Die Bundesregierung wird am Montag kommender Woche die Zusammensetzung der Bundeswahlbehörde beschließen. Das teilte das Büro des Bundeskanzlers mit. Die Entscheidung, ob die von der FPÖ nominierte Anwärterin oder der vom BZÖ nominierte Kandidat Sitz und Stimme in diesem Gremium erhält, sei noch keine Entscheidung über die Vergabe der Listenplätze oder die Zulassung von Parteinamen, hieß es.

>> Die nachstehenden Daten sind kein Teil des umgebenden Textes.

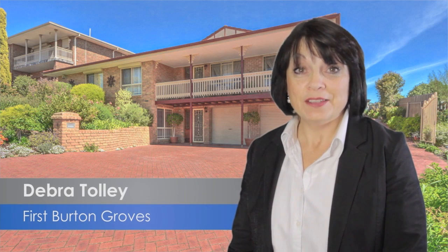Hi, I'm Deborah Tolley from First National Real Estate Burton Groves. Have you got a growing family looking for a large home? I'm sure I've got something just for you.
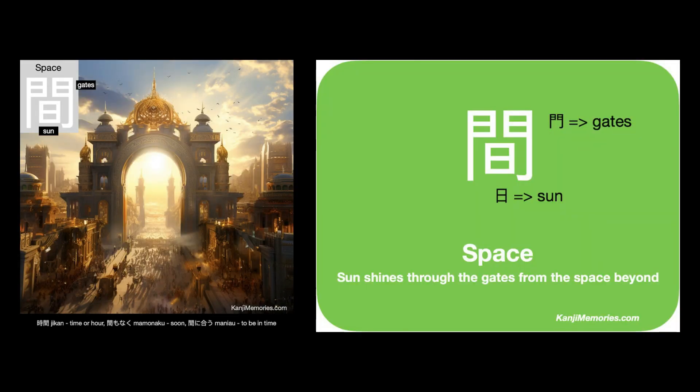We put the two cards together and look at the suggested association on the green card: sun shines through the gates from the space beyond. Think of the gates in our image and how the bright sun is between them — sun shines through the gates from the space beyond.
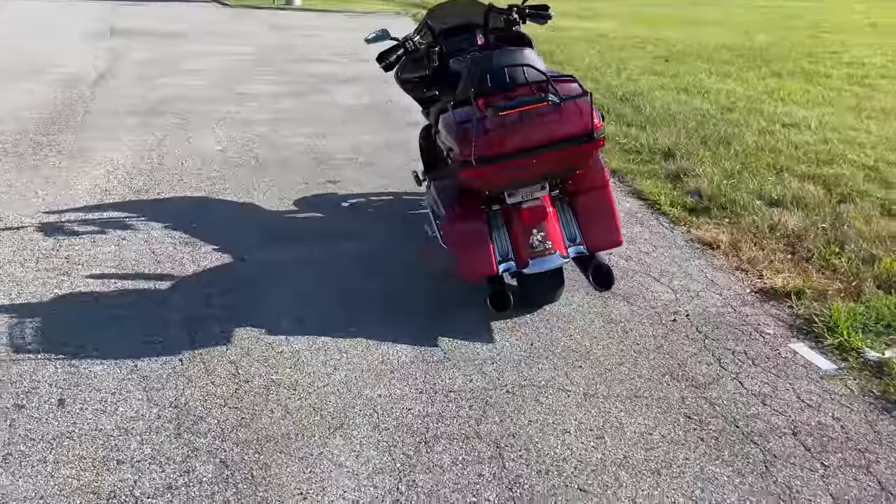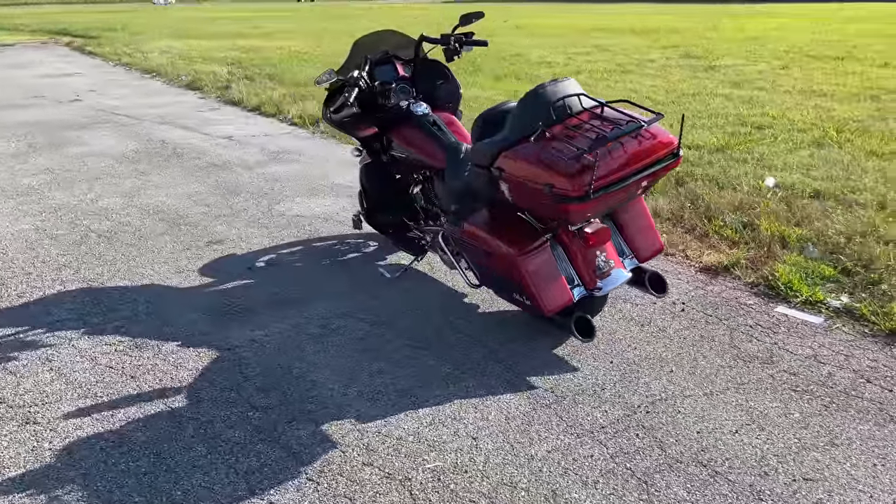All right, guys. This is Q. I'm riding, I'm wrenching. I am out.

Sowohl FPÖ als auch BZÖ sehen sich als Nachfolgepartei jener FPÖ, die bei der letzten Nationalratswahl im Jahr 2002 angetreten ist. Daher wollen beide in der Wahlbehörde vertreten sein und auf dem Wahlzettel den dritten Listenplatz. Über die Reihung am Wahlzettel wird die Bundeswahlbehörde ebenso zu entscheiden haben, wie über den Namensstreit, nachdem das BZÖ mit der Bezeichnung "Die Freiheitlichen - Liste Peter Westenthaler - BZÖ" antreten will, was von der FPÖ - der "Freiheitlichen Partei Österreichs" - vehement abgelehnt wird.

Die FPÖ hat die Abgeordnete Barbara Rosenkranz nominiert, das BZÖ den Wiener BZÖ-Chef Günther Barnet. Die Bundeswahlbehörde setzt sich aus zwölf Personen zusammen. Leiterin ist die Innenministerin. Die ÖVP entsendet vier, die SPÖ drei, Grüne und FPÖ je einen Beisitzer, außerdem gibt es zwei Richter.

Der Ministerrat am Montag beginnt vor Mittag. Einziger Tagesordnungspunkt ist die Zusammensetzung der Bundeswahlbehörde. Es wird kein Pressefoyer geben, so das Büro des Bundeskanzlers. Auch soll es an diesem Tag keinen Zutritt für Journalisten in das Bundeskanzleramt geben.